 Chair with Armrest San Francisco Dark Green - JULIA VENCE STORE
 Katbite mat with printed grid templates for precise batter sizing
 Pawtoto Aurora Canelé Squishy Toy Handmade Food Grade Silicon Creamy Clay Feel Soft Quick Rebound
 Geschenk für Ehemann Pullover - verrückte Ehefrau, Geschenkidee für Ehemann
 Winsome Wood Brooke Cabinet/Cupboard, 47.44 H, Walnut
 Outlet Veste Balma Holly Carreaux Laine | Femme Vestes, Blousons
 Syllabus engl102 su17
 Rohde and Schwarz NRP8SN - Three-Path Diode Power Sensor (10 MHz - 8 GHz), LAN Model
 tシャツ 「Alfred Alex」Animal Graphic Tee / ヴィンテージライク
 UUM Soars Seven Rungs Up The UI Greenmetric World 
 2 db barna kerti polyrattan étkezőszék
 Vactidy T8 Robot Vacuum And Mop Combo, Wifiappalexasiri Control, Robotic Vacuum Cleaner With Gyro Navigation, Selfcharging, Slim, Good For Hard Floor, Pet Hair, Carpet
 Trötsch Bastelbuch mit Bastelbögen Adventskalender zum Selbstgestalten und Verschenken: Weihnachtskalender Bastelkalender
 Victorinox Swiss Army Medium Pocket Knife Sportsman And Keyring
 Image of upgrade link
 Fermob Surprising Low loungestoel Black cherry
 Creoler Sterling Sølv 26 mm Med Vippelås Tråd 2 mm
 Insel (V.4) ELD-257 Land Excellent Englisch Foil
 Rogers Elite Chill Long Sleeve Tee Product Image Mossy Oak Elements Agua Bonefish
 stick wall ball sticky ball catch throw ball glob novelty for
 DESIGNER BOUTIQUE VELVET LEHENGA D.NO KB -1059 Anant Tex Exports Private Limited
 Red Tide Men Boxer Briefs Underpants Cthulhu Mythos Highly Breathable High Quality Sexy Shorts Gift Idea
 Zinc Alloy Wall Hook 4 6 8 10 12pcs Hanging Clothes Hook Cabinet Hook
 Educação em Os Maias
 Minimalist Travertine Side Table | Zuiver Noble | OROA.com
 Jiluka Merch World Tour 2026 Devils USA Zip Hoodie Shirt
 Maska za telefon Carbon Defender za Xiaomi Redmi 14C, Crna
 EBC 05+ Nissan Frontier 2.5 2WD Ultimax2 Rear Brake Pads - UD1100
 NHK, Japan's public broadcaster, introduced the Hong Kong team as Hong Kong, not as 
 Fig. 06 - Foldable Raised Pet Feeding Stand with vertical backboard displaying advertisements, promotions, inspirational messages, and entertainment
* * *
### Try it:
Write out the whole listing again, exactly as it stands.

### Answer to this problem:
 Chair with Armrest San Francisco Dark Green - JULIA VENCE STORE
 Katbite mat with printed grid templates for precise batter sizing
 Pawtoto Aurora Canelé Squishy Toy Handmade Food Grade Silicon Creamy Clay Feel Soft Quick Rebound
 Geschenk für Ehemann Pullover - verrückte Ehefrau, Geschenkidee für Ehemann
 Winsome Wood Brooke Cabinet/Cupboard, 47.44 H, Walnut
 Outlet Veste Balma Holly Carreaux Laine | Femme Vestes, Blousons
 Syllabus engl102 su17
 Rohde and Schwarz NRP8SN - Three-Path Diode Power Sensor (10 MHz - 8 GHz), LAN Model
 tシャツ 「Alfred Alex」Animal Graphic Tee / ヴィンテージライク
 UUM Soars Seven Rungs Up The UI Greenmetric World 
 2 db barna kerti polyrattan étkezőszék
 Vactidy T8 Robot Vacuum And Mop Combo, Wifiappalexasiri Control, Robotic Vacuum Cleaner With Gyro Navigation, Selfcharging, Slim, Good For Hard Floor, Pet Hair, Carpet
 Trötsch Bastelbuch mit Bastelbögen Adventskalender zum Selbstgestalten und Verschenken: Weihnachtskalender Bastelkalender
 Victorinox Swiss Army Medium Pocket Knife Sportsman And Keyring
 Image of upgrade link
 Fermob Surprising Low loungestoel Black cherry
 Creoler Sterling Sølv 26 mm Med Vippelås Tråd 2 mm
 Insel (V.4) ELD-257 Land Excellent Englisch Foil
 Rogers Elite Chill Long Sleeve Tee Product Image Mossy Oak Elements Agua Bonefish
 stick wall ball sticky ball catch throw ball glob novelty for
 DESIGNER BOUTIQUE VELVET LEHENGA D.NO KB -1059 Anant Tex Exports Private Limited
 Red Tide Men Boxer Briefs Underpants Cthulhu Mythos Highly Breathable High Quality Sexy Shorts Gift Idea
 Zinc Alloy Wall Hook 4 6 8 10 12pcs Hanging Clothes Hook Cabinet Hook
 Educação em Os Maias
 Minimalist Travertine Side Table | Zuiver Noble | OROA.com
 Jiluka Merch World Tour 2026 Devils USA Zip Hoodie Shirt
 Maska za telefon Carbon Defender za Xiaomi Redmi 14C, Crna
 EBC 05+ Nissan Frontier 2.5 2WD Ultimax2 Rear Brake Pads - UD1100
 NHK, Japan's public broadcaster, introduced the Hong Kong team as Hong Kong, not as 
 Fig. 06 - Foldable Raised Pet Feeding Stand with vertical backboard displaying advertisements, promotions, inspirational messages, and entertainment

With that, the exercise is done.